The long, steep rise in commodity prices has been a deep blessing for hydrocarbon rich Latin countries, spreading its largesse blindly from oil-rich Venezuela to diversified mineral-providers including Peru, Chile and Brazil.
Many companies, such as Venezuelas state-run oil firm PDVSA, have rested on their laurels or worse during this bonanza. But a handful have maximized the opportunity to turn themselves into true global leaders. If the fortunes of the lucky are shrinking in line with todays more constrained times, those that have worked the magic of transformation are here to stay as global leaders.
Brazilian steel maker Gerdau is a good example of a firm that has moved in record time from an absolute unknown to a diversified, highly competitive international player. It is now the largest producer of long steel in the Americas with 317 units, five joint ventures and four associated companies in 14 countries, including the United States and India, with capacity of 25.9 million metric tons of steel per year. Thats all a far cry from its modest origins in 1901 as a nail factory in the southern city of Porto Alegre where it remains based.
Like many Latin firms, it is firmly rooted in family traditions. But it has been neither hidebound or ripped apart by family rows, the fate of many comparable firms. Instead, Gerdau has successfully pulled off the pursuit of multiple strategies. It is diversifying internationally through acquisitions; increasing production and efficiency at home; and working to create a vertically-integrated business with more control of its own inputs.
The splashiest area has been international expansion. Last year, Gerdau Ameristeel pulled off the coup of buying Chaparral of Texas in a deal worth north of $4 billion, putting it firmly on the map of US investors. Then, in April, it added the steel business of Quanex Corporation, the second largest producer of specialty steel in the US, for $1.5 billion. These cap a period of enormous and rapid expansion for the firm that started off outside Latin America with a 40% stake in Spains Sidenor as recently as 2005.
More quietly, the firm has been rapidly expanding its presence in its home market through new capacity, including the $1.5 billion, 1.5 million ton expansion of plate producing mill Ouro Branco, and securing more its own supplies as prices rise in raw materials. It bought a 50.9% stake in Colombian coke producer Cleary Holdings Corp for $59 million, for example.

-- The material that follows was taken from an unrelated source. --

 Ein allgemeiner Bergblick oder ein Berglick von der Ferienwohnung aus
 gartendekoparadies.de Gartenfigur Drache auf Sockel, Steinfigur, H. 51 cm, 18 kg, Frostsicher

The final plank in Gerdaus success has been a far-greater ability to raise funds overseas. The closure of the gap between developed and developing market cost of funding has proven an enormous fillip for such firms, notes Andrea Goldstein, senior economist at the Organisation for Economic Co-operation and Development. In the teeth of deteriorating markets, the firm launched two deals in late April raising a total of 4.4 billion reais.
There are advantages for firms in old industries being based in developing countries, adds Goldstein. They often have the upper hand in attracting talent as they are seen as top-rate employers in contrast to their dowdy image in developed markets, he reckons.
Challenges are now changing for Gerdau. Weak markets, a huge increase in competition, and the volatile nature of commodities pricing have created a new, more hostile environment.
Analysts are worried that Gerdaus aggressive expansion in steel has not yet been matched with securing a steady supply of materials, in spite of attempts. The price of steel scrap, coal, iron ore and other raw materials rose 24% in 2007. CEO, André Gerdau Johannpeter, has announced aggressive plans to tackle the firms dependence on outsiders to supply inputs: We plan to get 80% of our iron ore from our own mines by 2010, he said.
There has been a huge increase in new steel projects throughout Brazil, which enjoys the lowest-cost iron ore in the world. After a period of restructuring in the steel industry which saw little new capacity come onstream, by 2013, Brazil may be producing as much as 86.6 million tons annually, more than double its current annual capacity, says Marco Polo de Mello, executive vice president of the Brazilian Steel Institute.
There have also been questions over whether Gerdau expanded too fast at the top of the cycle. The emergence of global emerging market players coincided with a great period of liquidity, notes Goldstein. Now that is drying up, it will be interesting to see how these emerging market-based multi-nationals are affected. Finally, there remains the nagging question of how Gerdau balances family interests with its growing number of debt and equity holders, too.
All these questions have taken some of the gloss of Gerdau with shares down more than 40% since its peak. But that has to be put into context: it is still up nearly fivefold in five years. Gerdau is now firmly entrenched as a global leader and one that arrived there in record time.